Integrative motivation

Robert Gardner established a model of motivation in second language acquisition in 1985. The field of language teaching has been influenced for many years by the model which came from the studies of language immersion in Canada (Ehrman, 1996, p.139). The model describes two forms of motivation, instrumental and integrative. Instrumental motivation refers to learning to accomplish a task, such as passing a course, getting better pay, and so on (Ehrman, 1996, p.139). Integrative motivation refers to a favorable attitude toward the target language community, possibly a wish to integrate and adapt to a new target culture through use of the language (Gardner, 1985, p. 54). One of the Gardner's main ideas is that the integrative motivation plays an important role in second language acquisition. It is directly and positively related to second language achievement. However, the Gardener's model has received lots of criticisms since it was published. The criticisms will be discussed in the following.

The model is criticized for overstating the importance of the integrative motive. Gardner simply used the candidates' selection of integrative reasons over instrumental ones as evidence that integrative reasons have a higher level of motivational intensity (Gardner, 1985, p.53). Gardner found that the integrative motivation has an extremely high significance in his studies. Nevertheless, the instrumental orientation such as getting a job and passing an examination is also an important factor in second language learning. If learners with integrative motivation can achieve success since they are active in their learning, the same theory might be applicable to the learners with instrumental motivation. Instrumentally motivated learners may be successful since they are eager to learn to achieve their instrumental purposes.

Integrative motivation is the central concept in the Gardner's model. However, the support of the importance of the integrative motivation is not consistent. Some early studies did agree that integrative motivation was significant in second language learning (Gardner and Lambert, 1959) but some recent researches has shown that the instrumental motivation has an equal or better impact than the integrative motivation. In some cases, the integrative motivation is even considered as having a negative correlation with proficiency which in turn affecting the success of second language learning (Belmechri and Hummel, 1998; Drnyei, 1990).

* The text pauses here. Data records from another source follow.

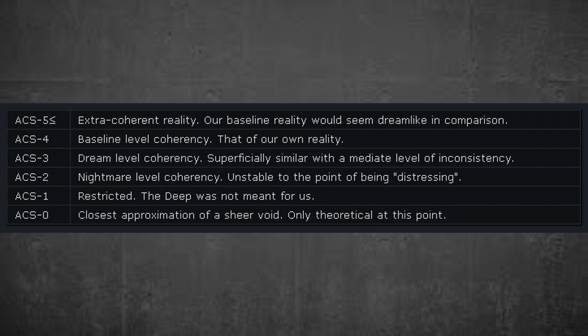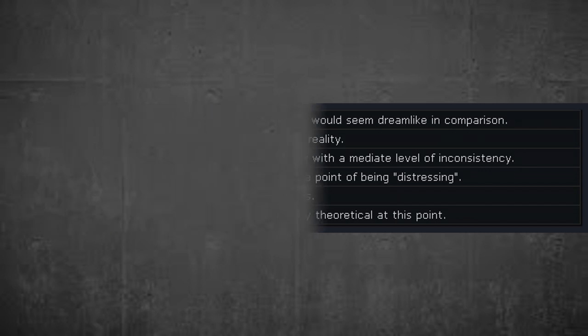ACS-5 or greater: extra-coherent reality — our baseline reality would seem dreamlike in comparison. ACS-4: baseline level coherency, that of our own reality. ACS-3: dream-level coherency, superficially similar with intermediate level inconsistency. ACS-2: nightmare-level coherency, unstable to the point of being distressing. ACS-1: restricted — the deep was not meant for us. ACS-0: closest approximation of a sheer void, only theoretical at this point.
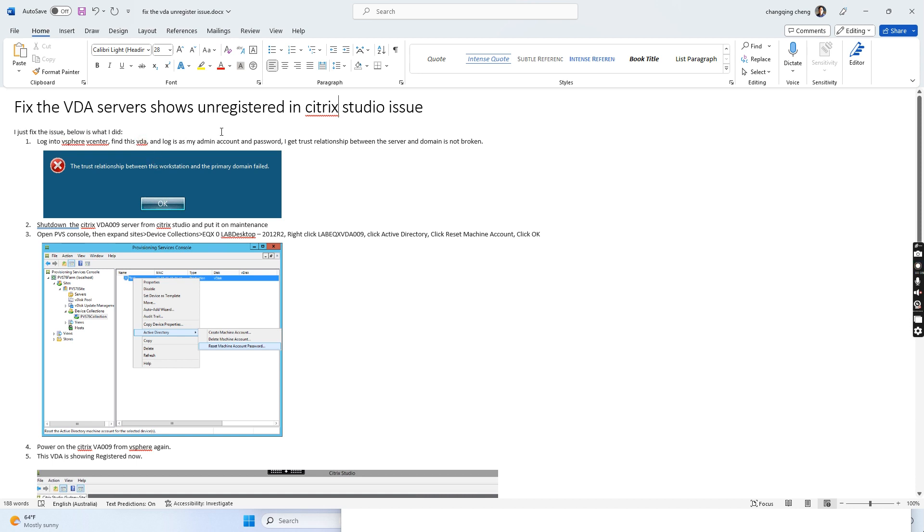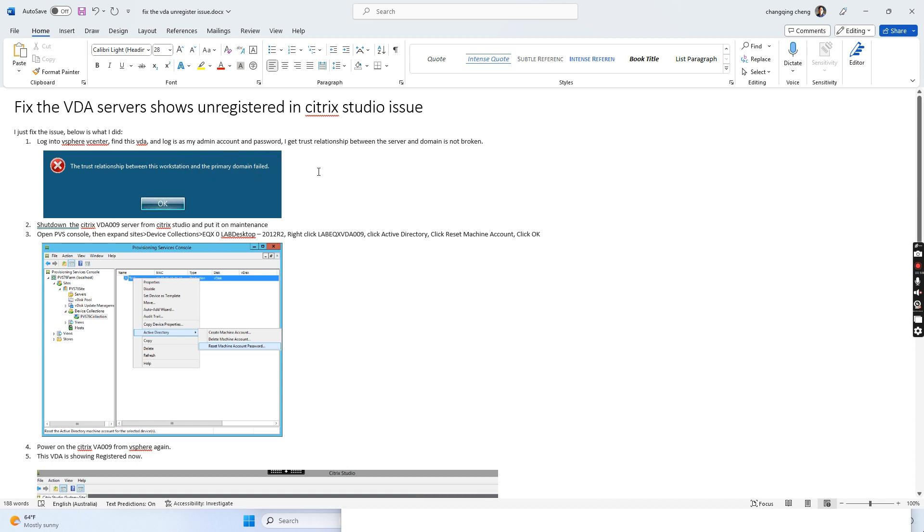When I logged into the server with my admin account and password, I got the error 'trust relationship between the workstation and the primary domain failed.' This means the connection between the VDA server and Active Directory is broken.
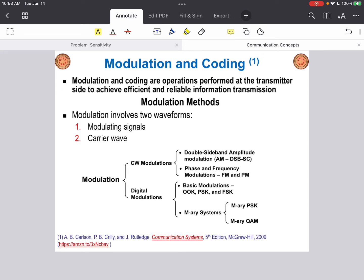Looking at the different types of modulation, we can group them into two major groups. The first is continuous wave analog modulation. Two major classes widely used here are double-sideband amplitude modulation and phase and frequency modulation. Within double-sideband amplitude modulation there are two sub-schemes: amplitude modulation or AM, and DSB-SC or double-sideband suppressed carrier modulation. For phase and frequency modulation, the two widely used schemes are frequency modulated or FM, and phase modulated or PM. I will explain FM and PM systems, with particular focus on narrowband FM and PM operation.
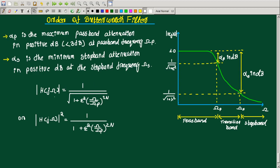The magnitude function is: the magnitude |H(jω)| equals 1 divided by the square root of 1 plus epsilon squared times (omega divided by omega_P) raised to 2n. So |H(jω)|² equals 1 divided by 1 plus epsilon squared times (omega by omega_P) raised to 2n. This is equation number 1.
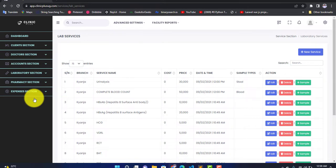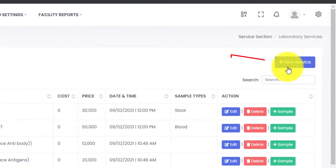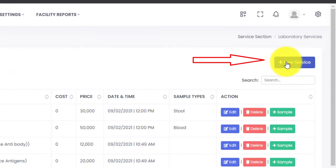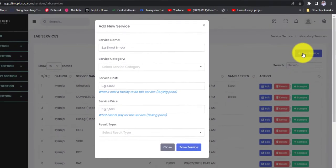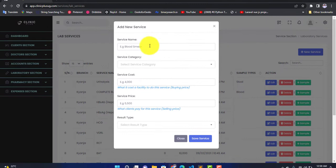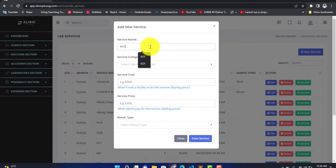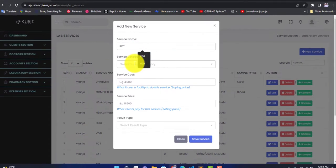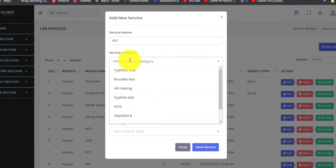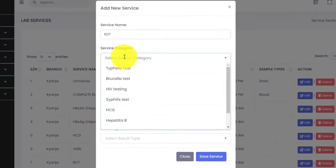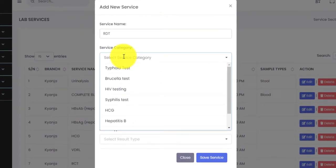So let us add a new service in ClinicPlus software. We are going to click on this button — Add New Service. We shall enter the service name; let us say RDT for malaria, so we are going to type 'RDT'. Then we select the category.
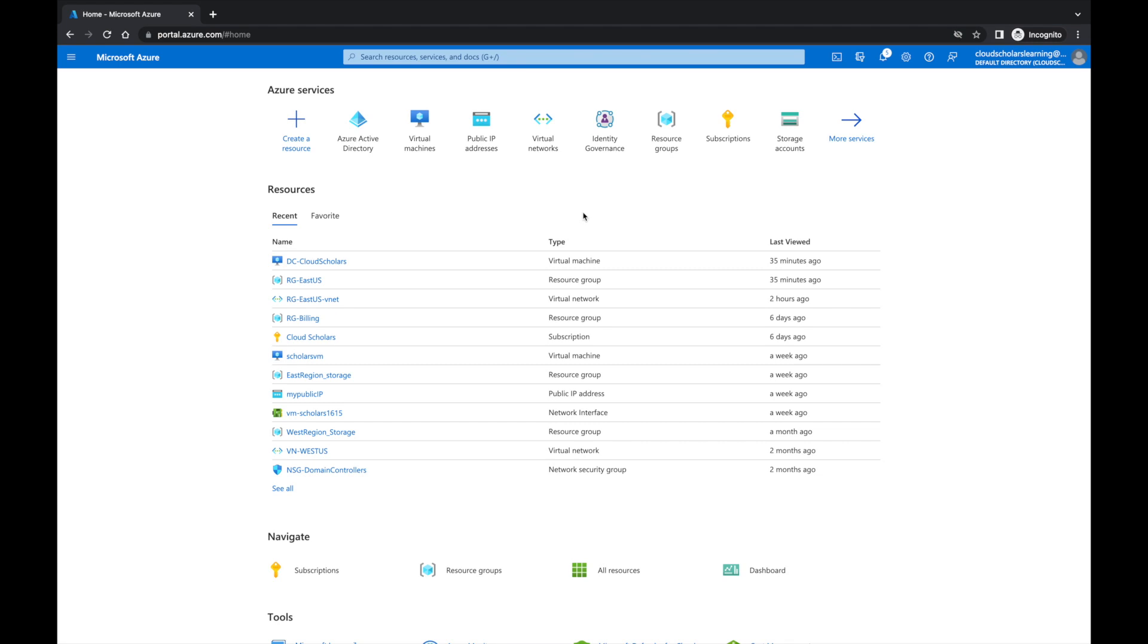I went through creating a domain controller, setting up Active Directory domain services on a Windows 2019 server, also promoting it to a domain controller. After that, we created some accounts, did some OU structure and design for our Active Directory, and finally created a service account.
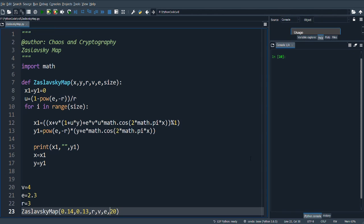This is a simple program to generate chaotic values with Zaslavsky map.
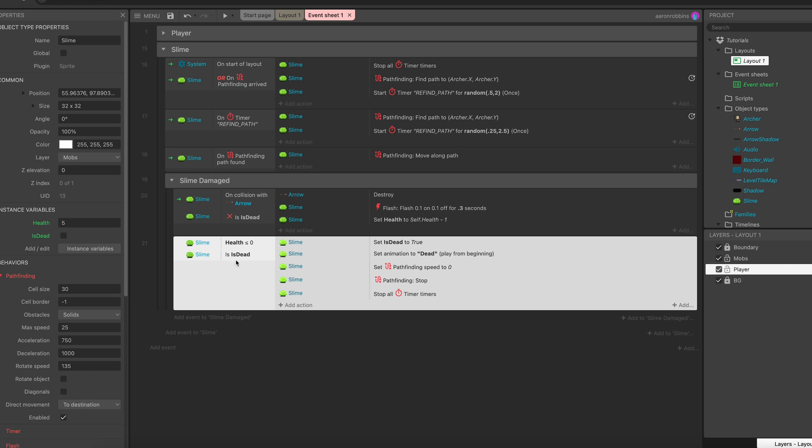It will set it as true. It will set is_dead as true, which will prevent it from running again. So in order to switch this from checking if is_dead equals true to checking if is_dead equals false. Boy, I've said the word dead a lot in this video.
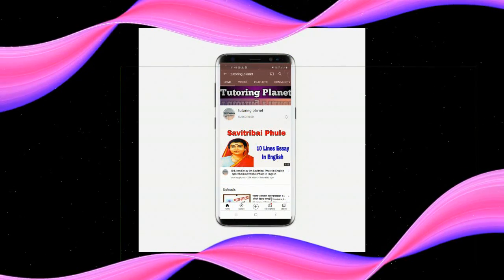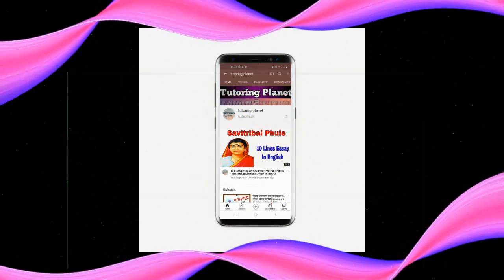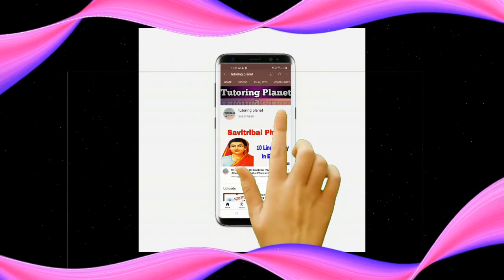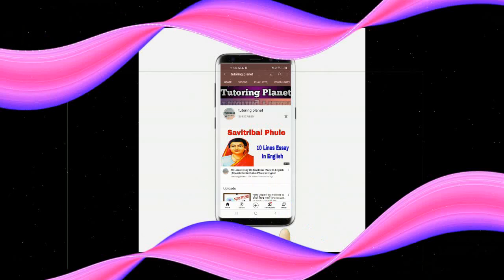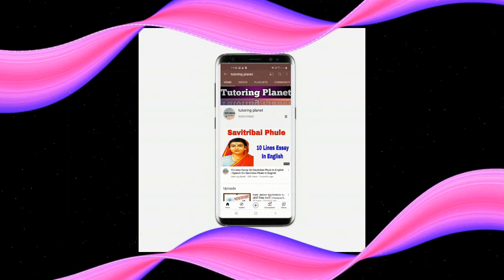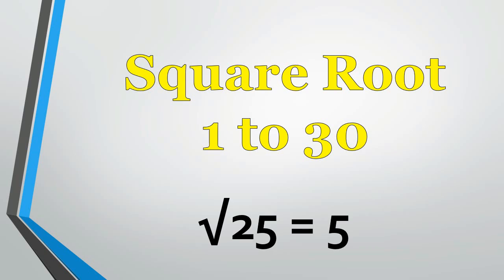Subscribe to our channel for new updates and press the bell icon. Hello everyone, welcome to my channel. Our today's topic is square root 1 to 30.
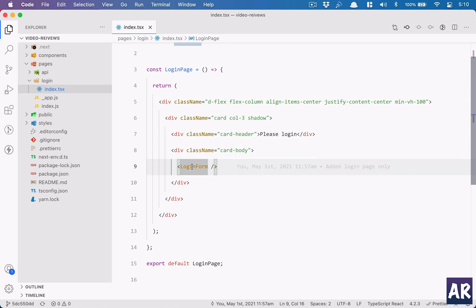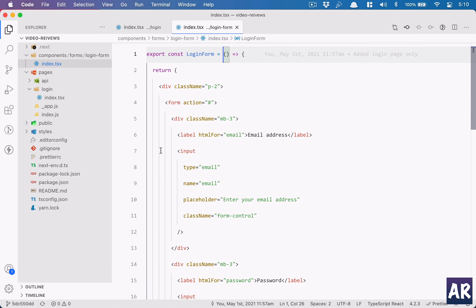My idea about creating reusable components is: if a page only has the login form, create the page but don't keep the form on that page. If tomorrow I need to have that login form inside a pop-up for any reason, I have the flexibility because the form completes its own functionality within that component — the Ajax call will be made inside that component. I need to ensure that my form can be rendered in any component and the user will be able to log in.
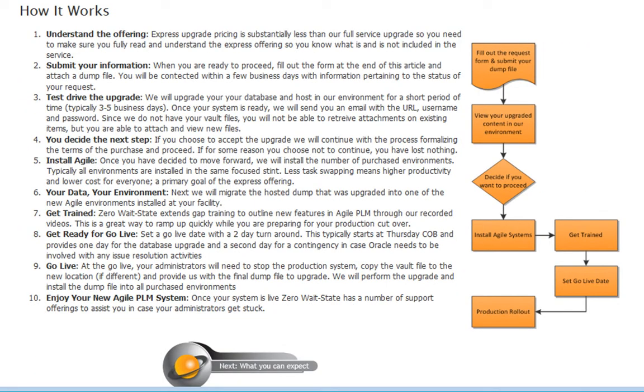All you need to do is submit your information along with a compressed dump file, give us 24 to 48 hours to upgrade that dump file and host it in our online services, and then you can try before you buy. You'll typically have 3 to 5 business days.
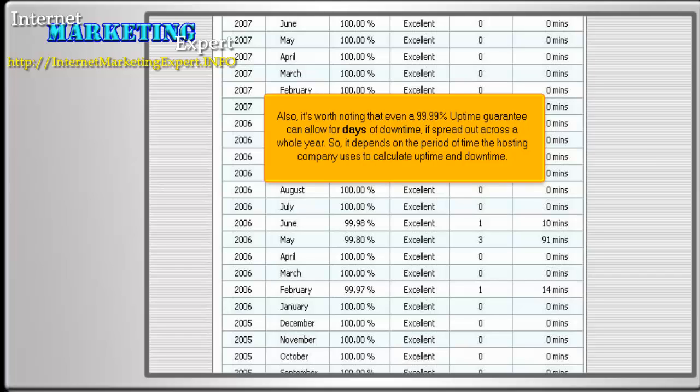Also, it's worth noting that even a 99.99% uptime guarantee can allow for days of downtime if spread out across a whole year. So it depends on the period of time the hosting company uses to calculate uptime and downtime.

Drnyei (1990) suggested that instrumental motivation could be more important than integrative motivation for foreign language learners since foreign language learners are not likely to have sufficient knowledge and experience to take part in the culture of the people who speak the target language in their early stage of language learning. Integrative motivation may not play a significant role in the early stage of foreign language learners. The importance of different kinds of motivation can be different between second language learners and foreign language learners.

Gardner's emphasis on integrative motivation for language learning may not fit in all language learning situations (Schmidt, Boraie, and Kassabgy, 1999). The Gardner's model have limited applicability for the learners who do not have frequent contact with the target language speakers since they have few opportunities to integrate with the speakers. There are many other factors contributing to the motivation of the learners who are far away from the target language speakers, such as instrumental motivation and knowledge orientation. Gardner should not overstate the importance of integrative motivation in all language learning situations. The significance of different types of motivation may vary from one to another language learning situations.

Actually, integrative and instrumental motivations are not necessarily mutually exclusive. Brown (2000) stated that learners rarely select only one type of motivation when learning a second language. The motivation of learning a second language is usually a combination of different forms of orientations. He has cited an example of international students who are residents in the United States. The international students learn English for academic purposes while wishing to be integrated with the people and culture of the country at the same time. This example has clearly shown that integrative and instrumental motivations can mutually exist. In some cases, it is difficult to divide instrumental and integrative motivations.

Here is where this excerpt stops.